Executive Summary
The week ending July 6, 2026, featured a rebound in major U.S. indices on June 29 followed by sharp declines in semiconductor and equipment stocks mid-week amid profit-taking after robust first-half performance. Global tech markets showed mixed results, with emerging-market technology indices delivering outsized gains for the half-year compared with U.S. counterparts. Investor focus centered on AI infrastructure spending sustainability and potential rotation toward hardware suppliers and non-U.S. names. Overall sector leadership broadened modestly while volatility remained elevated.
Key Developments
- On June 29, the Dow Jones closed at a record high above 52,000 while the S&P 500 and Nasdaq rebounded 1.2% and 2.1% respectively after prior tech weakness, led by gains in Tesla and Alphabet.
- Mid-week semiconductor shares sold off sharply, with Micron, AMD, Intel, Applied Materials, Lam Research and others declining 11-24% over two sessions as investors took profits following an 80%+ first-half surge in many names.
- South Korea's KOSPI fell as much as 10% intraday before rebounding 5.8% locally later in the period, trimming its weekly loss to 3.8%.
- Meta Platforms rose nearly 9% after announcing plans to enter the cloud business and monetize excess AI computing capacity.
- U.S. June jobs data released early July showed slower-than-expected growth, contributing to mixed market reactions ahead of the holiday period.

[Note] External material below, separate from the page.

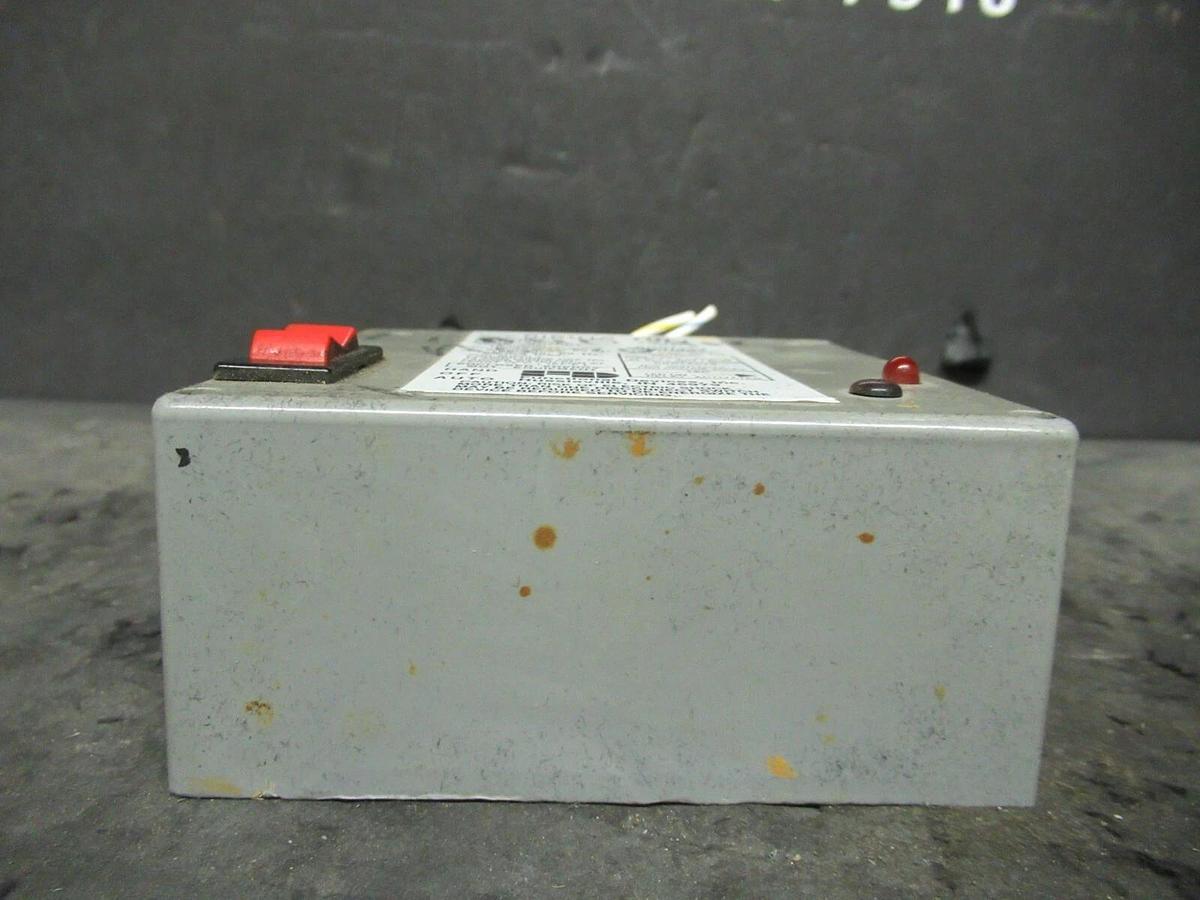 Used FUNCTIONAL DEVICES RIBU1S ENCLOSED PILOT RELAY 10 - 30 VDC / 120 VAC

Implications for Investors
The week's moves underscore ongoing selectivity within technology, with profit-taking concentrated in high-momentum semiconductor and equipment names after their outsized first-half contributions to benchmark returns. Broader equity indices proved more resilient, suggesting the pullback has not yet spilled into a wider market correction. Areas investors may want to monitor include the pace of AI-related capital expenditure by hyperscalers and any signs of sustained rotation toward suppliers or international technology firms. Weakening U.S. labor data could influence rate expectations and indirectly affect growth-sensitive tech valuations.
Risks & Opportunities
- Elevated valuations and concentrated gains in AI-exposed names raise the potential for further volatility if spending expectations are revised.

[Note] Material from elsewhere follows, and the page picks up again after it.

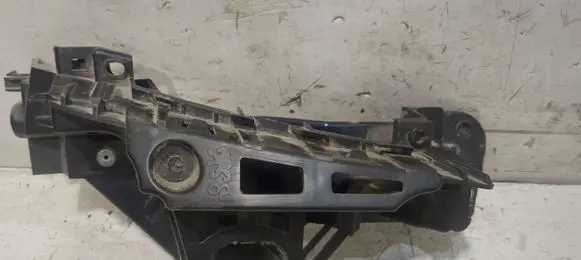 Peugeot 508 Rear bumper mounting bracket 9686701480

- Continued strength in semiconductor demand from data-center buildouts could support equipment and memory suppliers even amid near-term profit-taking.
- Outperformance by emerging-market and European tech firms highlights diversification potential beyond U.S. mega-caps.
- Any escalation in concerns over debt-funded AI investment or regulatory scrutiny could pressure high-valuation segments.
Global Capital-Flow Context
U.S. technology funds recorded $14.3 billion in net inflows for the week ending July 1, marking the second-largest weekly inflow on record and maintaining a pace toward an all-time annual high. Broader U.S. equity funds saw notable outflows over the same period, consistent with a modest rotation away from concentrated mega-cap exposure. Emerging-market technology indices posted gains exceeding 90% in the first half of 2026, far outpacing the U.S. tech advance of approximately 19%, attracting attention to non-U.S. semiconductor and hardware names. These patterns suggest capital continues to favor the AI theme globally while showing signs of broadening within and beyond U.S. borders.